Evidence for an accelerating universe
One of the observational foundations for the big bang model of cosmology was the observed expansion of the universe. Measurement of the expansion rate is a critical part of the study, and it has been found that the expansion rate is very nearly "flat". That is, the universe is very close to the critical density, above which it would slow down and collapse inward toward a future "big crunch". One of the great challenges of astronomy and astrophysics is distance measurement over the vast distances of the universe. Since the 1990s it has become apparent that type Ia supernovae offer a unique opportunity for the consistent measurement of distance out to perhaps 1000 Mpc. Measurement at these great distances provided the first data to suggest that the expansion rate of the universe is actually accelerating. That acceleration implies an energy density that acts in opposition to gravity which would cause the expansion to accelerate. This is an energy density which we have not directly detected observationally and it has been given the name "dark energy".

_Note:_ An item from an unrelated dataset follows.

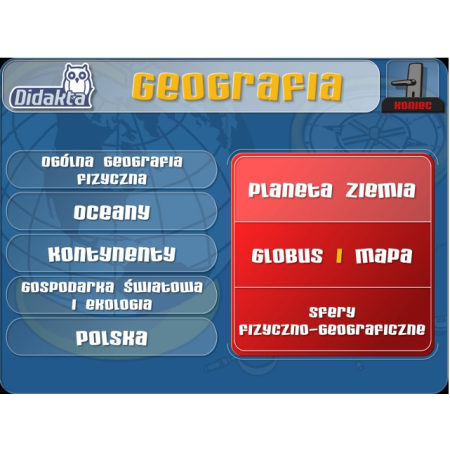 program do nauki geografii
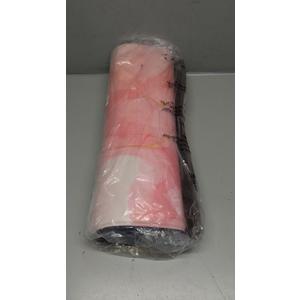 Pink Kitchen Rugs, Kitchen Floor Mats Cushioned Anti Fatigue Set of 2 Non Slip Waterproof Anti Fatigue Mat Comfort Memory Foam Standing Mat for Gold Kitchen Accessories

The type Ia supernova evidence for an accelerated universe has been discussed by Perlmutter and the diagrams below follows his illustration in Physics Today.
The data summarized in the illustration above involve the measurement of the redshifts of the distant supernovae. The observed magnitudes are plotted against the redshift parameter z. Note that there are a number of Type 1a supernovae around z=.6, which with a Hubble constant of 71 km/s/mpc is a distance of about 5 billion light years.